▸ **WHAT TO PRODUCE**:
Say how many lines in the records hold "Watch". Nothing but the number should be given.

*** Opening RECORDS SHOWN ***

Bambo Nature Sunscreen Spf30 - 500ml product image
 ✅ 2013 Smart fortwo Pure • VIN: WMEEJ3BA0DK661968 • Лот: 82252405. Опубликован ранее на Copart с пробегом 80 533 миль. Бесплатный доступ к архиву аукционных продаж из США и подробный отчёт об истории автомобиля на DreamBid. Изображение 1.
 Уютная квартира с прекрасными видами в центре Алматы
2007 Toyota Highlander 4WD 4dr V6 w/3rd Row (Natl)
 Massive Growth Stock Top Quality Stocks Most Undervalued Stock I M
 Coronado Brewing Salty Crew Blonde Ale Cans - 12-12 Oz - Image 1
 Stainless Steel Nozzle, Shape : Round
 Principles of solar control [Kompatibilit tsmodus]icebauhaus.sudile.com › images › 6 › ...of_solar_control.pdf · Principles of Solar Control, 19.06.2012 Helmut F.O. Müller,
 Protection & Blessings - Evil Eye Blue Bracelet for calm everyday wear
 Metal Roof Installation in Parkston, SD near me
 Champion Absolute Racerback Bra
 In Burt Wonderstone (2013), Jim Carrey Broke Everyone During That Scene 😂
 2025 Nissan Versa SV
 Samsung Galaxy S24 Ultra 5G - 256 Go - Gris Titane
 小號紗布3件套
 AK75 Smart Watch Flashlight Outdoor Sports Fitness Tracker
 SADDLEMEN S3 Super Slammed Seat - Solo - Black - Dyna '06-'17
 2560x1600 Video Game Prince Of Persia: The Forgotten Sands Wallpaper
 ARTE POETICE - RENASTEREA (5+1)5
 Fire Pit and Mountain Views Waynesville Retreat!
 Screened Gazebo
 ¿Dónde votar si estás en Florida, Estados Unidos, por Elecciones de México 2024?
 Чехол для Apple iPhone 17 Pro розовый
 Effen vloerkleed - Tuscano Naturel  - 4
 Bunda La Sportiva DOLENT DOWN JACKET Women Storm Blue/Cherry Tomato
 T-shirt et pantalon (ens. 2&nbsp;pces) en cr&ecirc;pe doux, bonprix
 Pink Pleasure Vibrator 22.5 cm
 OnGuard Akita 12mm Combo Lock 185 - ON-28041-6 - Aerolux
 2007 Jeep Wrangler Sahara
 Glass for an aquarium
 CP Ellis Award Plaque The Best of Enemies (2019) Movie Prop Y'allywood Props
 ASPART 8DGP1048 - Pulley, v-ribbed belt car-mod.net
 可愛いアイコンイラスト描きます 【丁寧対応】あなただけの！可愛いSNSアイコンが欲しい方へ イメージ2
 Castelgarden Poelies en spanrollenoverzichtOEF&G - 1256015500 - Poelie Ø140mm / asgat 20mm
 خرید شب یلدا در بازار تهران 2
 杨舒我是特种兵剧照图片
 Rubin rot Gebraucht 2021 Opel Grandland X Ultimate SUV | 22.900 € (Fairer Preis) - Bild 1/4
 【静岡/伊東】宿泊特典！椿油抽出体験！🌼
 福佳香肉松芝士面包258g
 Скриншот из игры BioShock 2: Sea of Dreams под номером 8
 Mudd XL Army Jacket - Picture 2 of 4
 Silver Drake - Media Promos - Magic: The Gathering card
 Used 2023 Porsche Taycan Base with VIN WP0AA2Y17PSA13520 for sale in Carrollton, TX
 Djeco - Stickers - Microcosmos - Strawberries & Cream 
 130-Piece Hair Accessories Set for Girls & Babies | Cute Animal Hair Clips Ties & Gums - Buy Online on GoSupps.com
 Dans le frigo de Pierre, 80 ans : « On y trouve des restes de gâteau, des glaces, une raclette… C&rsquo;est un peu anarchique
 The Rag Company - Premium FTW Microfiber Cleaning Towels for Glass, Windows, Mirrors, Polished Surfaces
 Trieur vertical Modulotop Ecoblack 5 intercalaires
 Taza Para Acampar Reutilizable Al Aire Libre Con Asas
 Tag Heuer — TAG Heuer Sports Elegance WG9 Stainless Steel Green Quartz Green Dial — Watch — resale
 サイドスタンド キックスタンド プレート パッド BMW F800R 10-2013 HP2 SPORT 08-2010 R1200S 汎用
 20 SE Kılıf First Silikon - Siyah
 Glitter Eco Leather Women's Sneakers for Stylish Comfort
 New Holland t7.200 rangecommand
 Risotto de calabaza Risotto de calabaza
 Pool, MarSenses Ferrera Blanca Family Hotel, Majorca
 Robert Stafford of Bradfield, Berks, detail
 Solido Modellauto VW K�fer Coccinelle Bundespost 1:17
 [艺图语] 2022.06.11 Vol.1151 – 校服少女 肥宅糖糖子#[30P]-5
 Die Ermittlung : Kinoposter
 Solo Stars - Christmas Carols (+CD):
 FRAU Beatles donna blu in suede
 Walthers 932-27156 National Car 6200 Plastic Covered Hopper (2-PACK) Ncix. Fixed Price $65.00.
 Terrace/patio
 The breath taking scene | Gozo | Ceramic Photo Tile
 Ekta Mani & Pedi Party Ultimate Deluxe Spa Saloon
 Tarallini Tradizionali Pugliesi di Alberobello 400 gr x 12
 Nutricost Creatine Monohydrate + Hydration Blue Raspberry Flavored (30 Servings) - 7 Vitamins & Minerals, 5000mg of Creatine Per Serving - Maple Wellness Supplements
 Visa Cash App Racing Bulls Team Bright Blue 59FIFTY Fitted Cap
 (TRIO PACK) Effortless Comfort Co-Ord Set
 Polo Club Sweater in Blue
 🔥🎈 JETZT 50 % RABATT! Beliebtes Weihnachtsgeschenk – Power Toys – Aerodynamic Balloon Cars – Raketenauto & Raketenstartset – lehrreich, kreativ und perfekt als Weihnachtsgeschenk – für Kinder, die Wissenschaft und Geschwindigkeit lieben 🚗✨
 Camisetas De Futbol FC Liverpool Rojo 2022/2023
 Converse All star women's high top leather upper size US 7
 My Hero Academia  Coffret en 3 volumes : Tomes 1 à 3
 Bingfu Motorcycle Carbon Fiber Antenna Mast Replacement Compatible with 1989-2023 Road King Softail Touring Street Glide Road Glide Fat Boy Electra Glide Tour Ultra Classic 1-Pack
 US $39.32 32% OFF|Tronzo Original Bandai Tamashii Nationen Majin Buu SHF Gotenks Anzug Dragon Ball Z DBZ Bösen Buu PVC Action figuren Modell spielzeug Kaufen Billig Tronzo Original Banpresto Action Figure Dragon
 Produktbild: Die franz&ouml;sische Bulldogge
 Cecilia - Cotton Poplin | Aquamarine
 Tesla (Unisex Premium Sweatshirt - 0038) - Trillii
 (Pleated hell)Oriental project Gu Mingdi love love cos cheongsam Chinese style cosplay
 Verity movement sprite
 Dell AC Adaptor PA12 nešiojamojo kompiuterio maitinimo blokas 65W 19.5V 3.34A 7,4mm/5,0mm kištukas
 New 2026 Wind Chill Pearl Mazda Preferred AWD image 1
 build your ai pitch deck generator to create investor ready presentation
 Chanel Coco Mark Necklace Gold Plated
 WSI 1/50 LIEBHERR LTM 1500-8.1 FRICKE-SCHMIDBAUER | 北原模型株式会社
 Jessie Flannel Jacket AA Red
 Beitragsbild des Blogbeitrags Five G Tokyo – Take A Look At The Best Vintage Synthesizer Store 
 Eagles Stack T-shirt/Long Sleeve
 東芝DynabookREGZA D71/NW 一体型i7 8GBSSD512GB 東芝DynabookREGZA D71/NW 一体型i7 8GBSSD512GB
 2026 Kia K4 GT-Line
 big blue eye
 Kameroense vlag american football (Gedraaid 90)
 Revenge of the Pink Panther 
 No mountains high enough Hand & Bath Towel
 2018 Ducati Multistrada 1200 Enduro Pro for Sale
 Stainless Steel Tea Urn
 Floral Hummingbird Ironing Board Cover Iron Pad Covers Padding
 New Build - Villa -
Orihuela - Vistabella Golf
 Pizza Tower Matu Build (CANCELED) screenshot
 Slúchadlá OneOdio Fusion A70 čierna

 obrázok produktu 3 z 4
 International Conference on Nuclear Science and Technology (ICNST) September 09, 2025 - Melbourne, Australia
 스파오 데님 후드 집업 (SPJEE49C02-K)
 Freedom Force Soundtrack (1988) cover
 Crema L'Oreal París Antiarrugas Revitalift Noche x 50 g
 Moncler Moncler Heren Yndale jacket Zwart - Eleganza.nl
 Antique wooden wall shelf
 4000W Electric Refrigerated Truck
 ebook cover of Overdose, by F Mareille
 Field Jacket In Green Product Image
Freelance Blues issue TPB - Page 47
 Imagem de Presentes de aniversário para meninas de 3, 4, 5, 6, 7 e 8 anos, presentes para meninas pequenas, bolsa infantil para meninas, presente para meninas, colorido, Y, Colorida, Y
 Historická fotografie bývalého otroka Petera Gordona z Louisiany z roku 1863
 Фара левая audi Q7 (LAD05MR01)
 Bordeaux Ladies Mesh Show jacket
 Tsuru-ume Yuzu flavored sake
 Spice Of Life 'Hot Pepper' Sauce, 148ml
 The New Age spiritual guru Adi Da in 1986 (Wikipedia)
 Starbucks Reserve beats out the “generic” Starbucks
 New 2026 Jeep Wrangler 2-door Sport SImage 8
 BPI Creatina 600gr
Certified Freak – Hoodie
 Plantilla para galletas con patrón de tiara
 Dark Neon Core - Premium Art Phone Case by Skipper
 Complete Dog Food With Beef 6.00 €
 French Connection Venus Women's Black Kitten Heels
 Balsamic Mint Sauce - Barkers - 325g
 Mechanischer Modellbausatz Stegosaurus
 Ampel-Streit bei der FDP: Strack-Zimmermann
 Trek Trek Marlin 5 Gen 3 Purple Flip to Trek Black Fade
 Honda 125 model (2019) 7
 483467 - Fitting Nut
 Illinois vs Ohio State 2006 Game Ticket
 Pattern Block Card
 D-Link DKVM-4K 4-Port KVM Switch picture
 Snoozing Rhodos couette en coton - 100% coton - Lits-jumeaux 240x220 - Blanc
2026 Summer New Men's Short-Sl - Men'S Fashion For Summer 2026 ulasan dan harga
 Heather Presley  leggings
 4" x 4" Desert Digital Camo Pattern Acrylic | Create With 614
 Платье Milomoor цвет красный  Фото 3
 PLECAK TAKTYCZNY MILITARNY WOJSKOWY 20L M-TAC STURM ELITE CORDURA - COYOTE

*** Closing RECORDS SHOWN ***

▸ **YOUR RESPONSE**:
2